BEGIN SUPPLIED RECORDS
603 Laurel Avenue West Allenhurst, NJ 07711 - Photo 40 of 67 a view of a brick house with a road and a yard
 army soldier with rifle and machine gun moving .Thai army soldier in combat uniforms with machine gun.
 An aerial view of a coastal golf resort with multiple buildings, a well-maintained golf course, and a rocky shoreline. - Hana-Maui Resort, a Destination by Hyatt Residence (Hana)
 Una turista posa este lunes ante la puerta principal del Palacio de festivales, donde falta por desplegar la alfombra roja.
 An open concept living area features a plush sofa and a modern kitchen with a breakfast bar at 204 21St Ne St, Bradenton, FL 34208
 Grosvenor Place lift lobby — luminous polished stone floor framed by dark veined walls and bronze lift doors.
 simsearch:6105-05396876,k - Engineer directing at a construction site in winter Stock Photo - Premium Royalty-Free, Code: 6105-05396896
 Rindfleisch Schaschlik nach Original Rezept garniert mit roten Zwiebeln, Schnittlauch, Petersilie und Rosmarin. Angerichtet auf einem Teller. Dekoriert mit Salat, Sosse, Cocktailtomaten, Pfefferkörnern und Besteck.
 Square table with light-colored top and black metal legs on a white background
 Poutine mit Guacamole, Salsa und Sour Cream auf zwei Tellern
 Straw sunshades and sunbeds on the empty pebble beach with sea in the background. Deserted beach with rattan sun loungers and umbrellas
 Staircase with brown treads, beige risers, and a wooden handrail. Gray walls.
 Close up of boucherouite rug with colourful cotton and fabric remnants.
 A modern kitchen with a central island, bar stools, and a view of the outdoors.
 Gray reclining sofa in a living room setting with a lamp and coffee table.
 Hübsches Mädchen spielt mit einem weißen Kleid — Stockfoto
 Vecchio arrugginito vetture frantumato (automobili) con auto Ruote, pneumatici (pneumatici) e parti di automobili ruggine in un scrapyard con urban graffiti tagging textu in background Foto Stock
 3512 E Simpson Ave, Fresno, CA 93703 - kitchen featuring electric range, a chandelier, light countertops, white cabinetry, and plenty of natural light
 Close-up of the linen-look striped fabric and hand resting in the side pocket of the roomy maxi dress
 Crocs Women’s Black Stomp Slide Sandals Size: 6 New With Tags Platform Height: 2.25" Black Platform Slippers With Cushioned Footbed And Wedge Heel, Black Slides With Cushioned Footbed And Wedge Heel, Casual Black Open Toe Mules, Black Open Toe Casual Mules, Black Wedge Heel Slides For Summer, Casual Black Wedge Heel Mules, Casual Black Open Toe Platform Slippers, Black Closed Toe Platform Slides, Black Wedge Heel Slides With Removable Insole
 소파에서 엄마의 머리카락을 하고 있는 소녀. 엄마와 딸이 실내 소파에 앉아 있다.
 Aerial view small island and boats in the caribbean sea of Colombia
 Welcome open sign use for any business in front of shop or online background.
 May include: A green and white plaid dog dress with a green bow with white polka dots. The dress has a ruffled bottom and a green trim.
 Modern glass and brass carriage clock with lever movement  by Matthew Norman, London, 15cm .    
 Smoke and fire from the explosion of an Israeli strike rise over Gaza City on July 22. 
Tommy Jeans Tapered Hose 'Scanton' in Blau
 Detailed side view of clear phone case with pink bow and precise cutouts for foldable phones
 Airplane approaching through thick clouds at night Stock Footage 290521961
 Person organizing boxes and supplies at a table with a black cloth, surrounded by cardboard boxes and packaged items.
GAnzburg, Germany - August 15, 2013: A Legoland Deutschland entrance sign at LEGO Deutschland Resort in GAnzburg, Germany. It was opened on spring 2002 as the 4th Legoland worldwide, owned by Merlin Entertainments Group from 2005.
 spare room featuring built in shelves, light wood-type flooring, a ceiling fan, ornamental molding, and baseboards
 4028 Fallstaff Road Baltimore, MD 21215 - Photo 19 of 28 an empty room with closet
END SUPPLIED RECORDS
• _WHAT NEEDS TO BE DONE_: Everything above from the line with "소파에서 엄마의 머리카락을" to the line with "Welcome open sign", both included, must be repeated exactly, and nothing outside that range.

• _SOLUTION TO THE PROBLEM_:
 소파에서 엄마의 머리카락을 하고 있는 소녀. 엄마와 딸이 실내 소파에 앉아 있다.
 Aerial view small island and boats in the caribbean sea of Colombia
 Welcome open sign use for any business in front of shop or online background.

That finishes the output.